(Beginning of Records)

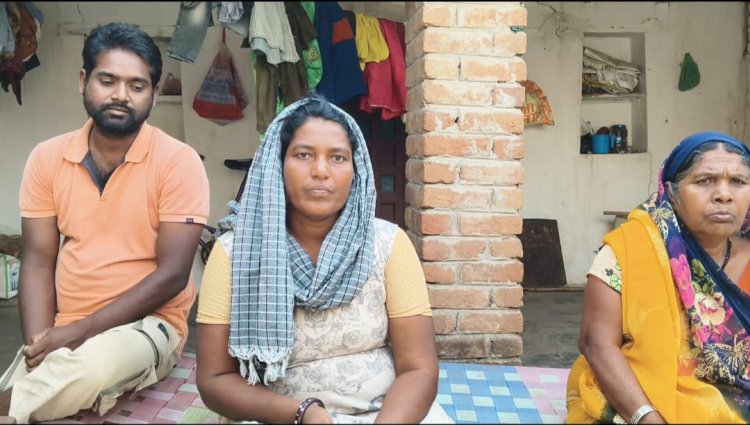 आंसुओं से मुस्कान तक का सफर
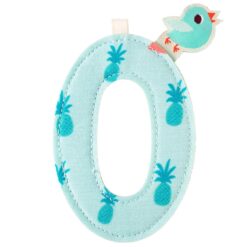 Lilliputiens Letter O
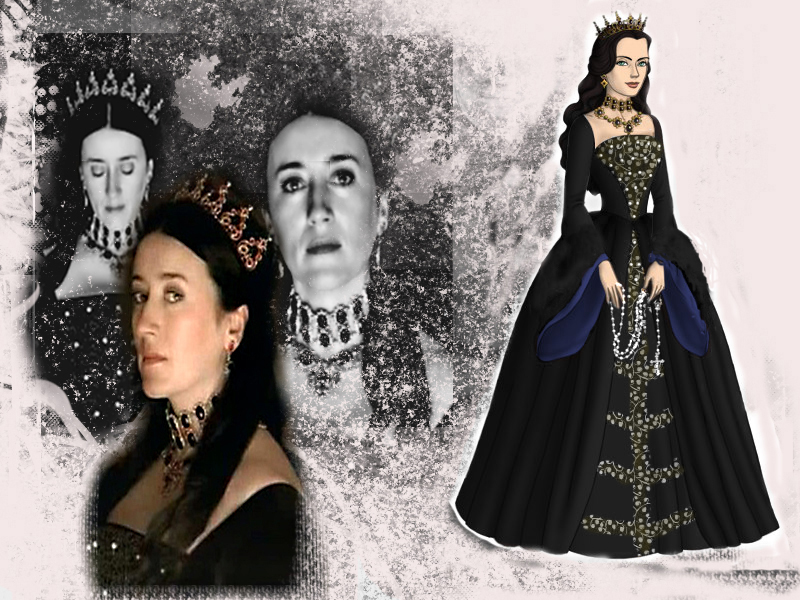 Queen Katherine: The Tudors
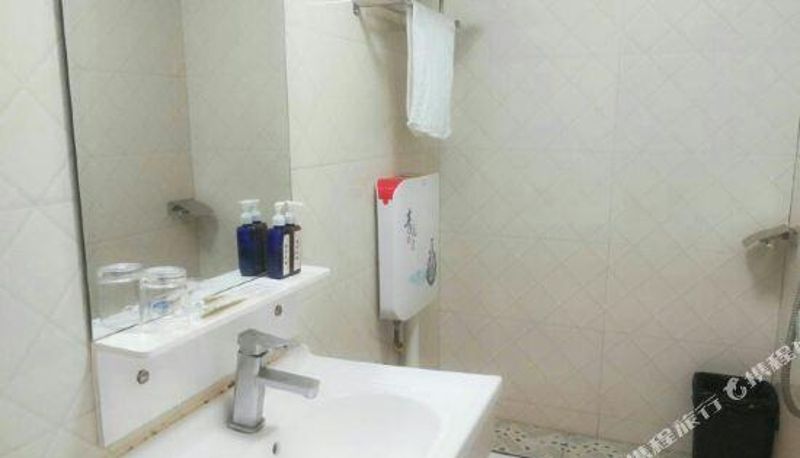 Zimmer - Yingtan Yuehu Dihao Hotel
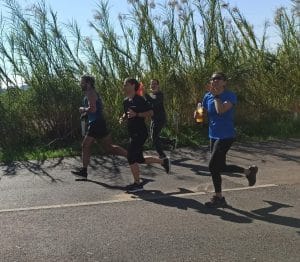 מדידת זמנים מרתון/חצי מרתון – מועדון הריצה איזיספיד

(End of Records)

_Assigned task_
Your output must consist only of the lines from the line with "Zimmer - Yingtan Yuehu Dihao Hotel" through the final line of the data, both included, reproduced exactly and free of pictures.

_Written reply_
 Zimmer - Yingtan Yuehu Dihao Hotel
 מדידת זמנים מרתון/חצי מרתון – מועדון הריצה איזיספיד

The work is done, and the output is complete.